*Feature photo credit to Seth Langbauer.*
What do you mean it’s been two months since I last wrote? My b.
Monday morning I had set my alarm for 6:54am. I wanted time to sip my tea and think up a flow for the class I was teaching at 9am. My alarm went off and in my sleepy daze I must have slid my thumb across the screen, disabling the alarm instead of hitting snooze. THWACK. POP. My eyelids snapped open to the noise and I was looking straight out my window. The object there was as big as a cantaloupe and tan. I thought it was a face at first, but as my room is on the second floor and you would need a ladder to peer into that window, my eyes focused and they were big bird talons. It fluttered its wings and came back for one more smack against the window before zipping off into the sky. I still don’t know what kind of bird it was, but I immediately panicked and checked my watch. Was I going to be late to teach?! My watch read 8:04. I was going to be fine. I also ended up teaching whatever came to mind instead of writing it all down, and the world didn’t explode.
Maybe you’ve heard about the supermoon that just passed. My head has been exploding with thoughts and emotions because of it. My sleep patterns have been off and my dreams have felt far too similar to reality. I have also been teaching a lot of yoga. During teacher training I was able to explore how stretching deeper into certain muscles, if not all of them, releases all of the feels. My first experience with an emotional outburst during yoga came two years ago, poised in high lunge with cactus arms, as we then moved into a pattern of reaching both arms forward and towards the sky while pulling one arm back like we were shooting an arrow at the sun. With this movement, my eyes filled with tears and they began to roll silently down my face as I frantically tried to hide the fact I was crying from everyone else in the class. Last year, laying in a supine twist for over a minute with my eyes closed, a swell of anger flooded through me and I wanted to scream out loud. I left the class frustrated and wanting to send my fist through drywall. This summer we were doing a seated arm stretch and I went from laughing out loud with my fellow yoga teachers-in-training giggling at the fact I was in hysterical laughter to sobbing.
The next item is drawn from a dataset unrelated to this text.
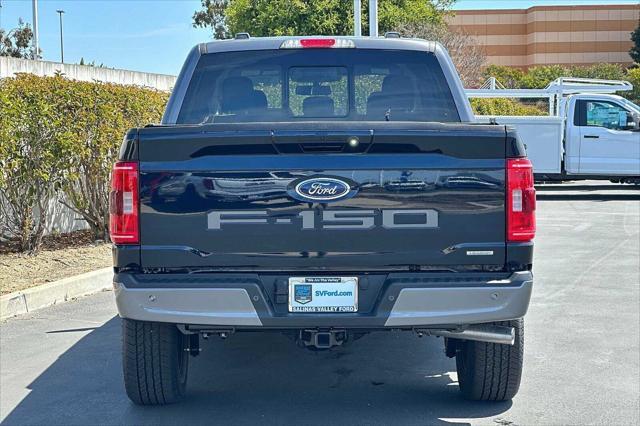 new 2023 Ford F-150 car, priced at $54,970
Body shaking, guttural sobs that slowed when we left the pose, but came back in savasana. I spent the rest of that evening shaking, tears welled in my eyes even when I went to sleep.
My point wth all of this is I think being a yoga teacher; leading these humans you know practically nothing about through a flow, releases emotionally charged energy into the room, whether the students realize their energy or not. And, being the guide that a yoga teacher is, I think that energy kind of gets thrown at you, affecting you differently throughout the day. So far I’ve had laughing fits hours after a class and heaving sobs that seem to have no end (fixable with friends and ice cream, mainly).
I’m also having a rush of feelings about the season change. Fall is finally ending here in Montana, but with its end comes the end of bike season. I’ve probably gone on 10 rides in the past two weeks and I’m just not ready to give it up. I’m finally finding my need for speed on the downhill and am finding myself trying to hang out in the air off little rollers. It’s just so gosh darn fun! But then I think about skiing. About how, on October 23, Vasu and I got out to FLMR and made our first turns of the season. How I was so afraid to go first, worried about what my first turns would look and feel like and if I would pack it in and slide to the bottom. “K, SENDING!” was all it took for me to push off and make the first turn. And it was fantastic. Hey, I can ski! I thought to myself. By the end of the run I was going way too fast to successfully avoid rocks so I reined it in…and managed to not hit a single. flipping. rock. Snaps for Madi. Guys, skiing is so dang fun! And guess what else? I’ve officially signed up for my Avy 1 training in December at the Bell Lake Yurt with a group of fabulous gals!
So meow that you see my internal dialogue about the change in seasons, cheers to hopefully waking up to snowflakes tomorrow and complaining about being cold as sh*t.